# Autotrail Chieftain



## lindjan (Mar 6, 2008)

My daughter and her husband travelled to East Yorks from Devon to part exchange their 5th Wheel and truck for an Autotrail Chieftain, the deal had been done over the phone last week and all the funds had to be cleared before collection. With great excitement they left yesterday to make sure they were in plenty of time for the handover this morning, I explained that the dealer would show them everything and make sure it worked.
When they arrived this morning they were told by Ian the salesman that another £1000 was needed to complete the deal, she was beside herself and so upset, the whole family had been looking forward to this new addition.

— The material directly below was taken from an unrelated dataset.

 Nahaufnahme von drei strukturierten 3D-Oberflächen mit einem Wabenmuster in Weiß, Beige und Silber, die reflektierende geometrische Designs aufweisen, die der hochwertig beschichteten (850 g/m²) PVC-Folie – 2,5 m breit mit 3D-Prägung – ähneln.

As well as this there was no handover, the salesman Ian didn't know how anything worked and didn't ask anyone else !
I can only say buyer beware about this company , I have heard before that there are unscrupulous dealers out there but I have had the pleasure of dealing with Camper UK and expected them all to be like them, SO WRONG.
I am sure that you will all say why not come away, but the Chieftain was just what they wanted and is beautiful, there is still 5 months to go on the Autotrail warranty so hopefully if there is anything major wrong they will sort it. However it leaves a nasty taste in your mouth. It has not even been serviced ! I would like to name them on here, if thats allowed please let me know.
Lindjan


----------



## rayc (Jun 3, 2008)

Why was the extra £1000 requested? On inspection of your units did they lower the trade in value?


----------



## sideways (Jun 2, 2008)

Thats the oldest trick in the book.Many people have been caught like that.


----------



## lindjan (Mar 6, 2008)

Yes, they said there was a mark on the bumper of the truck, the Globestormer is immaculate with full dealer service history, I wanted them to try and sell it privately but they were hoping to deal with reputable people !
Lindjan


----------



## rayc (Jun 3, 2008)

lindjan said:


> Yes, they said there was a mark on the bumper of the truck, the Globestormer is immaculate with full dealer service history, I wanted them to try and sell it privately but they were hoping to deal with reputable people !
> Lindjan


I am sure that in the terms and conditions there would have been a clause along the lines off " the trade in price will be adjusted in the event that the age, condition or other material fact is different from that claimed and will be subject to inspection."

It is always a risk when the trade in price has been set without the dealer seeing it and agreeing a firm price. There are disreputable dealers, who it is claimed, try to make a sweetener on every sale in this way. They have you over a barrel as you are likely to loose your deposit if you walk away.


----------